I had an emergency “rapid renewal appointment” at the passport office at the bottom of Lower Mount Street at 10:10am today.
At 10:01am I had reached the North West corner of Merrion Square, probably a five or six minute walk from the office. For some reason of which I’m still not quite sure, instead of continuing walking along Merrion Square North in the direction of the office, I decided to walk to the Dublin bike station on Merrion Square East, opposite the back of Government buildings, to take out a Dublin bike to cycle the last bit of the journey.
I arrived at the bike station in front of the passport office at 10:06am, but there was no vacant slot to deposit the bike in, and there was another person already waiting to deposit their bike there.

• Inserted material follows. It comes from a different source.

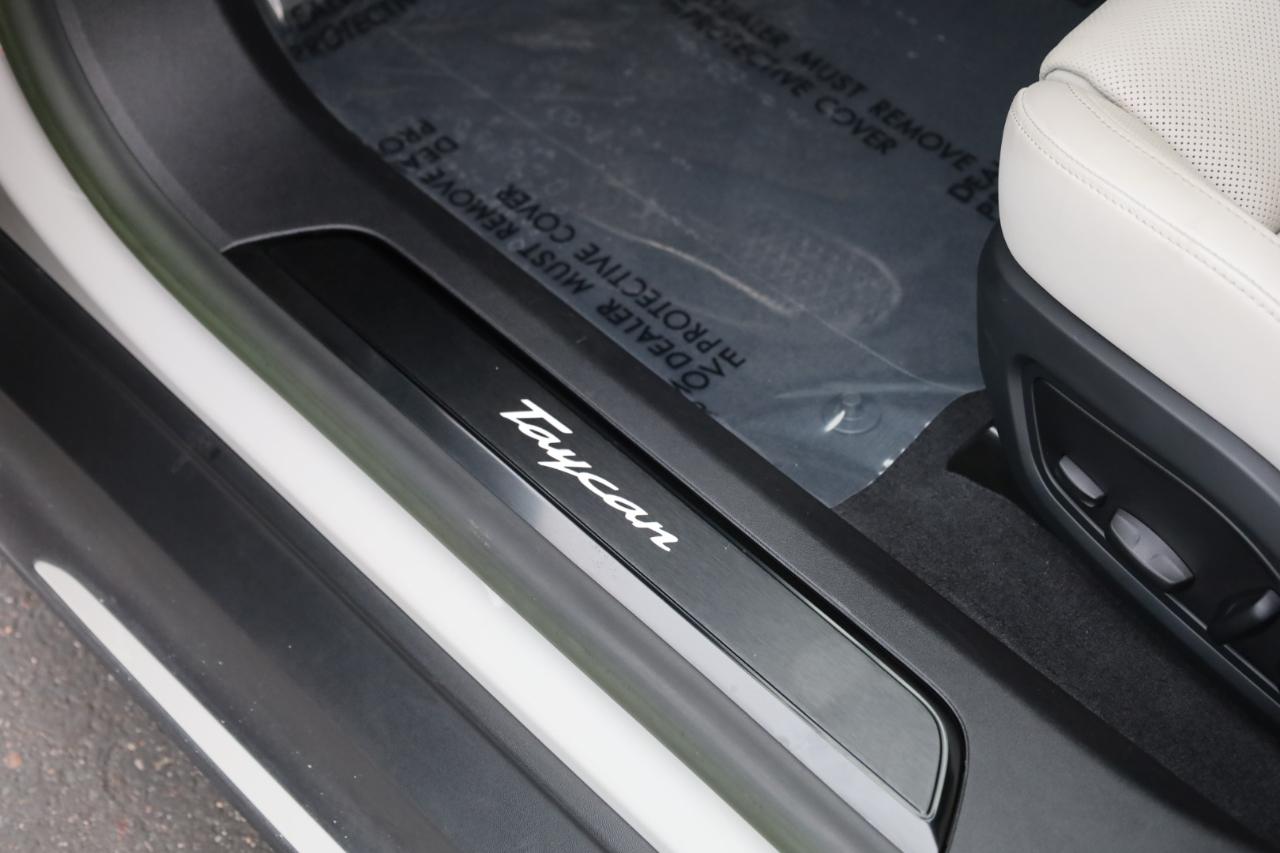 Porsche Taycan Base 2023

Four minutes later, nobody had taken a bike out to release a slot to deposit one in, and in any event the first guy was still waiting to deposit his bike. I was now panicking that I would miss my meeting, in a visibly agitated state, and being laughed at by three chaps smoking cigarettes outside the adjacent Spar shop. I didn’t want to leave the bike unattended outside the office as I assumed it would be stolen, resulting in me being fined €300 or whatever it is for the loss of a bike.

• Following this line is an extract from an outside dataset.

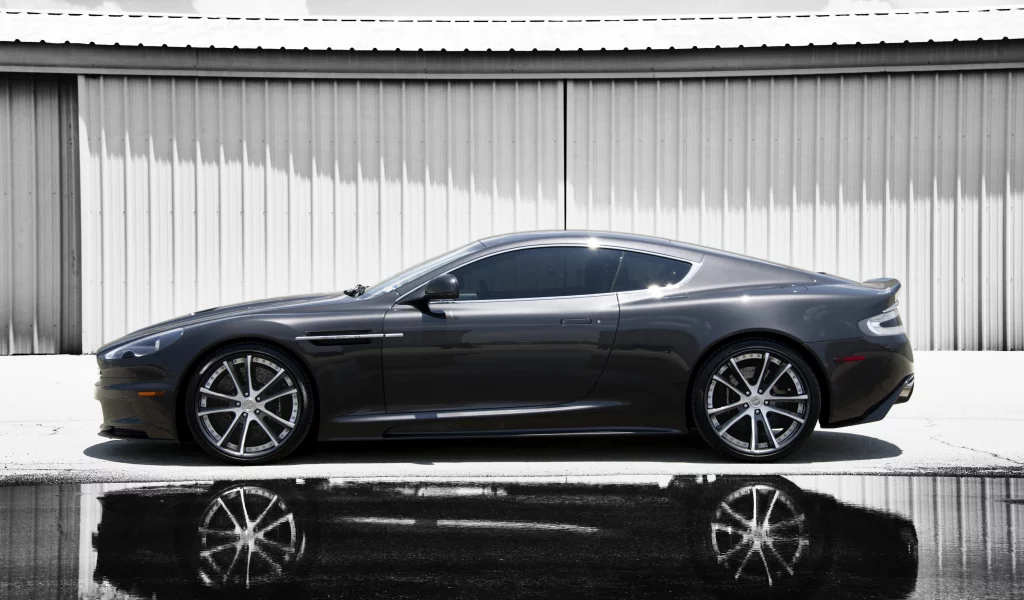 дбс, Aston martin, астон мартин, dbs, лужа, grey, серый, профиль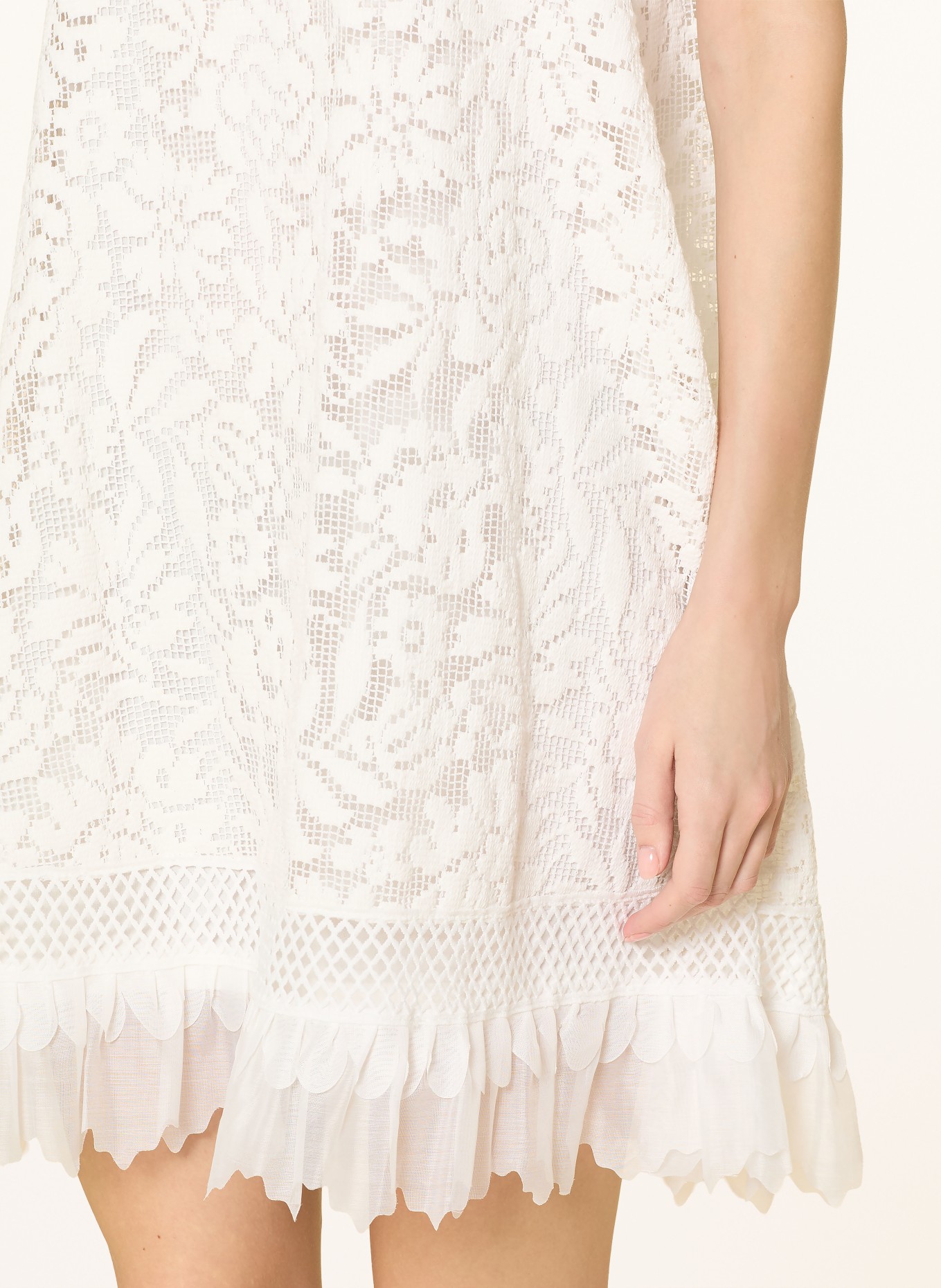 Ana Alcazar Kleid: WEISS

As the clock hit 10:10am I lost my head completely and tried to bring the bike into the passport office, but was, entirely predictably, immediately stopped from doing so by security and had to leave again. I decided to cycle to another bike station, but not being sure where the nearest one was, I cycled aimlessly around for the next ten minutes up Merrion Square East, down part of Baggot Street, around to Grand Canal Street, passing three more bike stations with no vacant slots, before returning to the one outside the passport office, which was still full.
Eventually I ended up cycling all the way back to the same station on Merrion Square West from which I had take the bike out, and walked back to the passport office, arriving at around 10:35am, 25 minutes late. I explained the situation to the chap at reception. “Ah, that’s grand”, he said.